The external force exerted on string creates a tension force that tries to move the cylinder in translation, but it is opposed by the friction force between cylinder and ground that generates rolling on cylinder. The Free Body Motion on cylinder-string system is presented below as attachment. Given that cylinder is a rigid body in planar motion, two equations of equilibrium for translation and an equation of equilibrium for rotation are needed to represent the system, which are now described:

$\Sigma F_{x} = T + f = M\cdot R\cdot \alpha$

$\Sigma F_{y} = N - M\cdot g = 0$

$\Sigma M_{G} = (T-f)\cdot R = I_{G}\cdot \alpha$

Where:

$T$ - Tension, measured in newtons.

$f$ - Friction force, measured in newtons.
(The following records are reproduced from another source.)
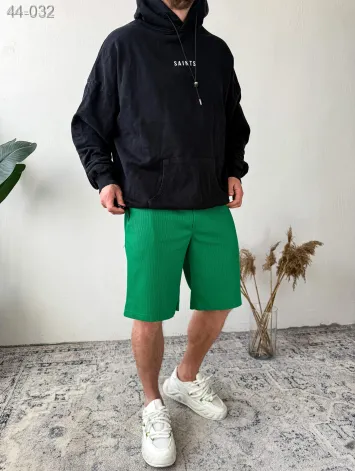 GV_SHOP_UA Шорти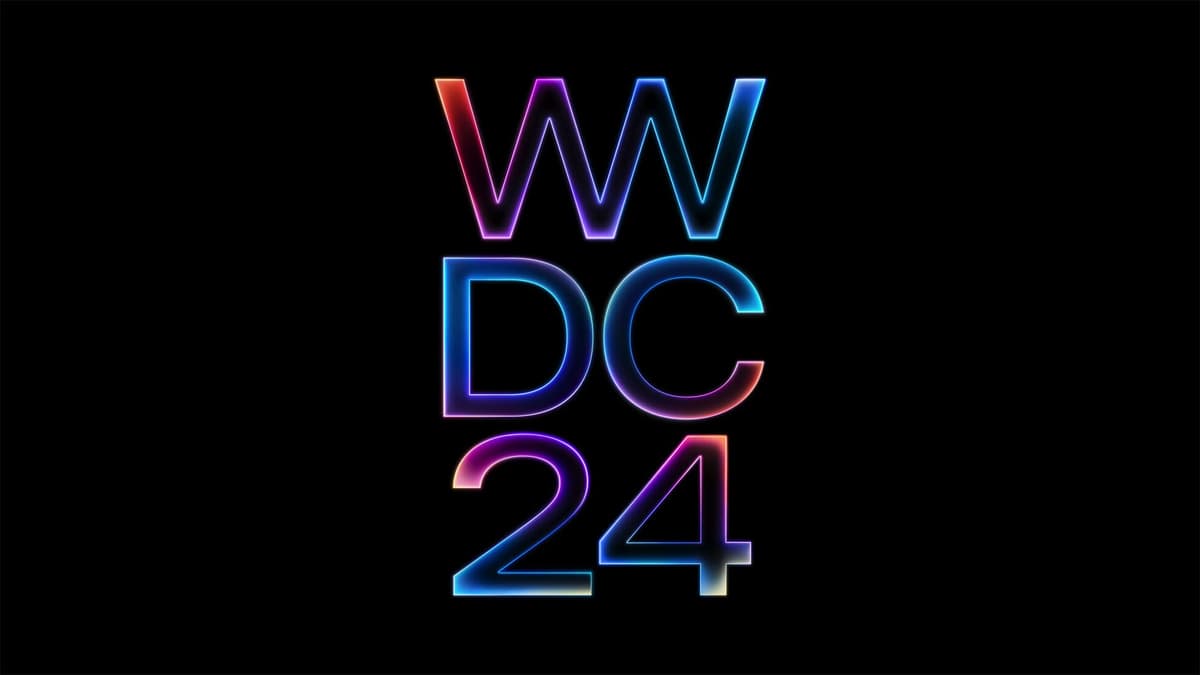 placeholder video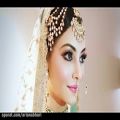 عکس آهنگ های بندری و شاد ایرانی برای عروسی ها شماره 1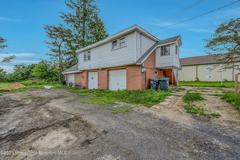 664 Laurel Dr #REAR - Photo 1 of 1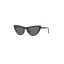 VOGUE 0VO5211S-W44/8754 С/з
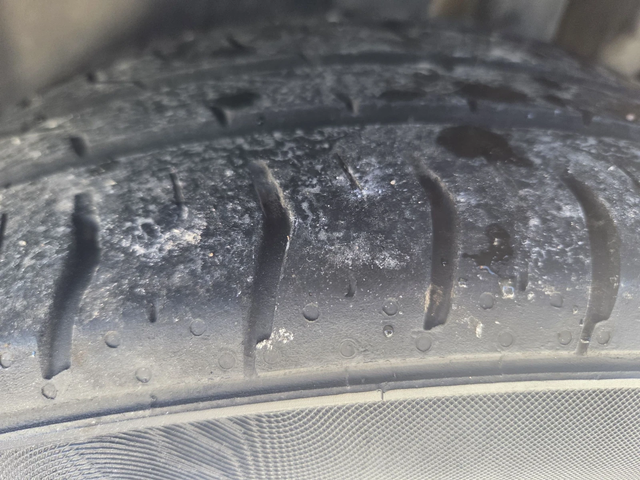 Suzuki Swift 4x4 - автомобили, коли, обяви за нови и употребявани 5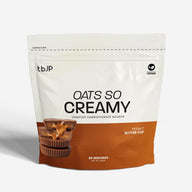 Choc Peanut Butter - 2kg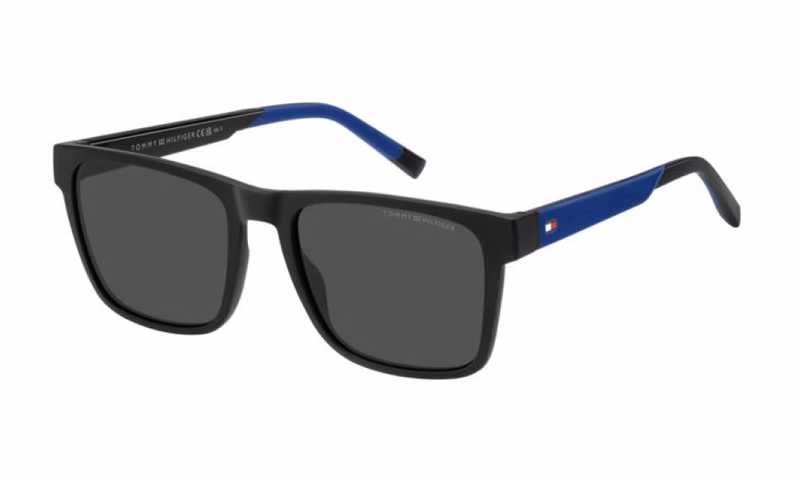 Tommy Hilfiger TH 2144/S D51 IR Tommy Hilfiger TH 2144/S D51 IR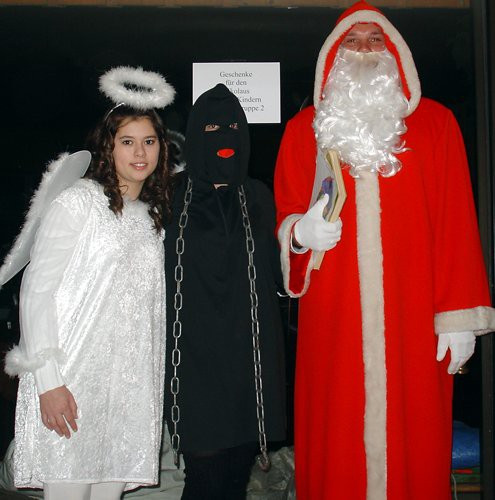 Nikolaus 2009_14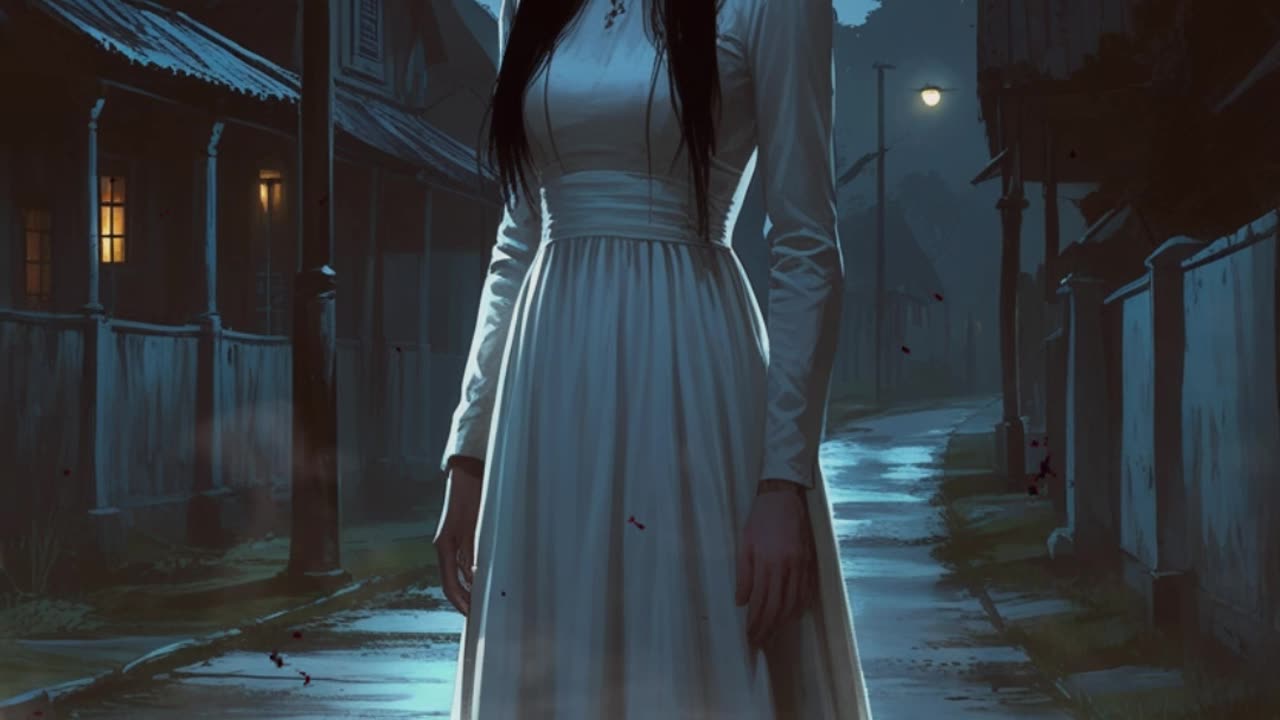 Vampire V2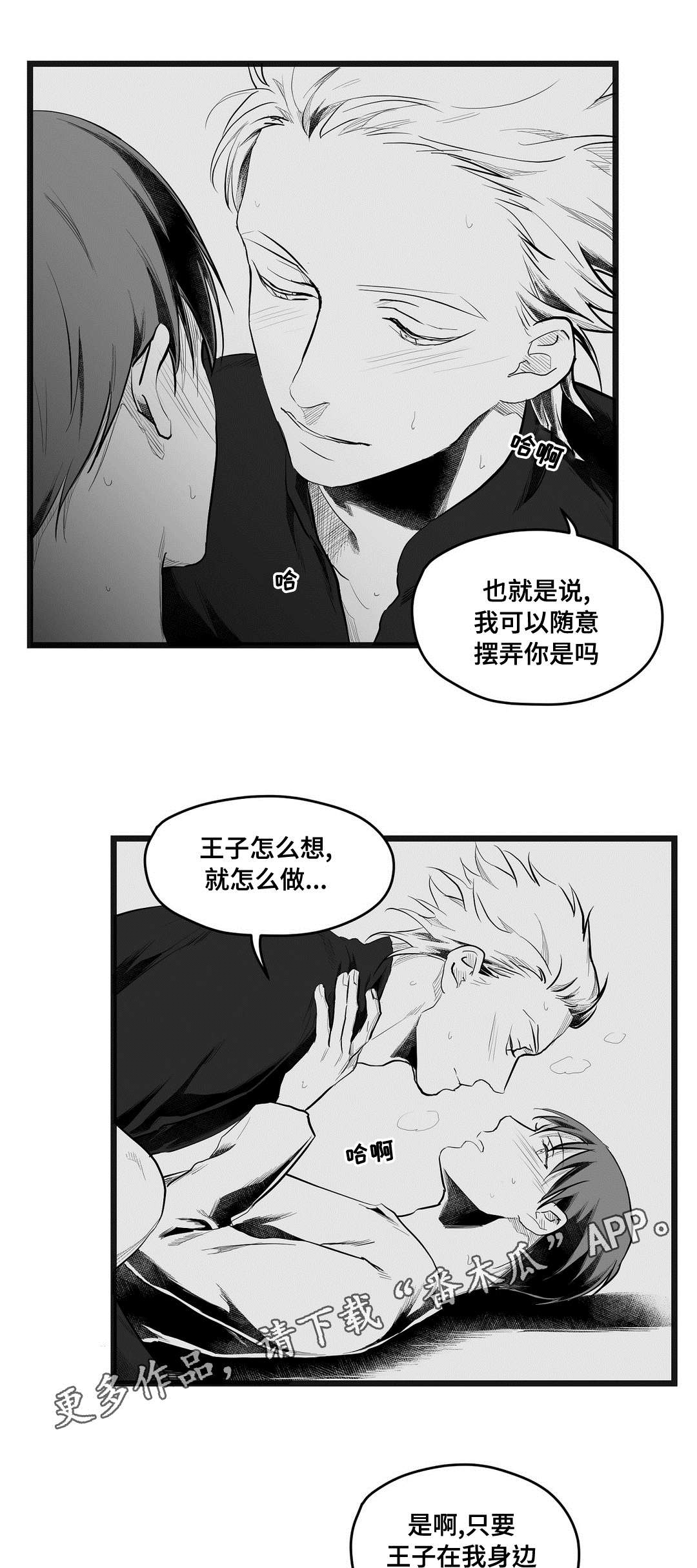 第73章：幕后真凶16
$M$ - Mass of the cylinder, measured in kilograms.

$R$ - Radius of the cylinder, measured in meters.

$\alpha$ - Angular acceleration, measured in radians per square second.

$N$ - Normal force from ground exerted on cylinder, measured in newtons.

$g$ - Gravitational acceleration, measured in meters per square second.

$I_{G}$ - Moment of inertia of the cylinder with respect to its center of mass, measured in kilogram-square meters.

The moment of inertia of the cylinder is:

$I_{G} = \frac{1}{2}\cdot M\cdot R^{2}$

a) The angular acceleration is determined by solving on first and third equation after eliminating  friction force:

$f = M\cdot R \cdot \alpha - T$

$(T-M\cdot R\cdot \alpha+T) \cdot R = I_{G}\cdot \alpha$

$2\cdot T\cdot R = (I_{G} + M\cdot R^{2})\cdot \alpha$

$\alpha = \frac{2\cdot T\cdot R}{I_{G}+M\cdot R^{2}}$

$\alpha = \frac{2\cdot T \cdot R}{\frac{1}{2}\cdot M\cdot R^{2}+M\cdot R^{2} }$

$\alpha = \frac{4\cdot T}{3\cdot M\cdot R}$

If $T = 3\,N$, $M = 7\,kg$ and $R = 0.45\,m$, then:

$\alpha = \frac{4\cdot (3\,N)}{(7\,kg)\cdot (0.45\,m)}$

$\alpha = 3.810\,\frac{rad}{s^{2}}$

The cylinder has an angular acceleration of 3.810 radians per square second.

b) The magnitude of the frictional force can be determined with the help of the following expression:

$f = M\cdot R \cdot \alpha - T$

Given that $T = 3\,N$, $M = 7\,kg$, $R = 0.45\,m$ and $\alpha = 3.810\,\frac{rad}{s^{2}}$, the magnitude of the friction force is:

$f = (7\,kg)\cdot (0.45\,m)\cdot \left(3.810\,\frac{rad}{s^{2}} \right)-3\,N$

$f = 9\,N$

The frictional force has a magnitude of 9 newtons and has the same direction of tension force.